Down came the lemonade, a tooth rotting waterfall on to the raisins and as I watched the thick fog of bubbles begin to clear beneath the warm sun of the kitchen light, I noticed one of the little brown specks of dried grape swim his way to the surface of the Sprite where he sat for a few moments at the top of the glass, no doubt catching his little raisin breath, before diving back down to play with his raisin friends (Joey, Chandler, Monica …) at the bottom; and just as he landed back at the base of the glass; up swam another.
I watched, transfixed as on and on they went, floating to the surface of the glass, pausing for a moment at the meniscus of the liquid, then descending back down to the depths of the Sprite until the fizzy drink slowly lost most of its fizz. I turned to mum in small-child astonishment (which I hope to never lose entirely) and demanded an explanation for her wizardry!
Mum explained, in that nonchalant tone of wisdom that only mothers seem to be able to muster, that the carbonated bubbles of the Sprite nestle into the folded grooves of the raisin’s skin carrying, or “levitating,” it to the surface. The raisin stops at the top as the bubbles pop and find their carbonated way out into the atmosphere then, once the raisin is de-bubbled enough; it sinks back down to the bottom.
Often times in my adult life when some areas seem to be “working,” and others “not working,” once the debris of frustration has settled, I think back to that afternoon (we’re about to take a left into Metaphors-ville, so hold on to your swivel chairs.)
I am someone who likes to have really good raisins in my life, I like to know that my glass is full of good things; good relationships, good work, good home life, good use of my passions, good adventures. However, I’m also learning that not all those things can be going “full bore,” as they say all of the time; that perhaps not all the metaphorical raisins in my life can be at the top of the glass all at once. That doesn’t mean they’ve gone away or disappeared, but it does mean they’re just waiting, collecting bubbles and energy somewhere at the bottom getting ready for its ascent.

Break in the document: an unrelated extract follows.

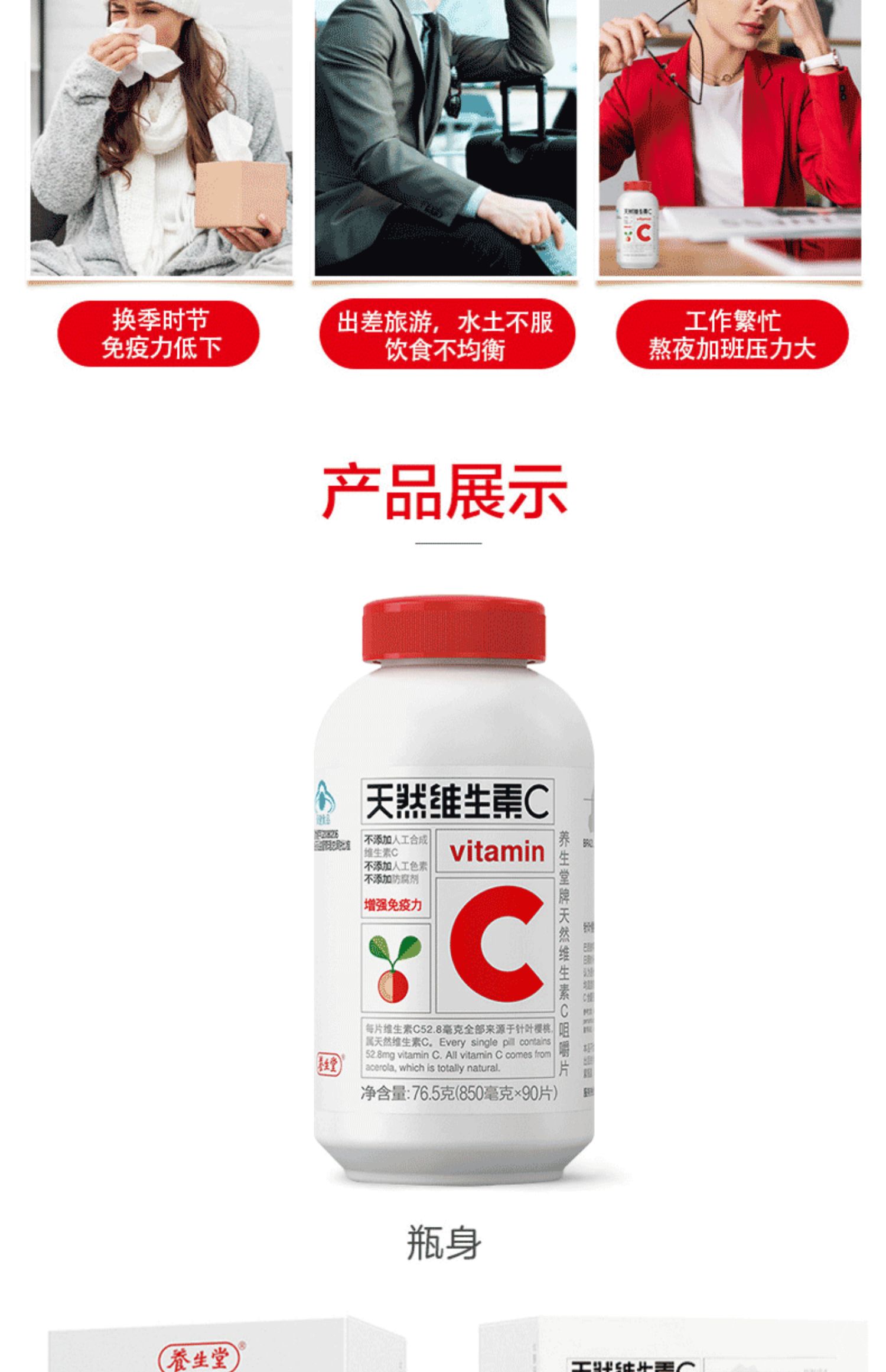 养生堂天然VC维生素C90片+B族组合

Some people call this putting different things “on the back burner,” while others talk about “not having everything all at once,” but for me? I’ll probably always get the confused looks from friends when something’s not working and I just have to reply, thinking back to that charcoal chair, and the kitchen table that afternoon, that “I guess it’s just not the raisin at the top of the glass right now,” then sit back when something is working, and know it’s been the raisin that’s been sitting inconspicuously at the bottom of the glass slowly collecting energy, and bubbles, waiting for its effortless trip to the top.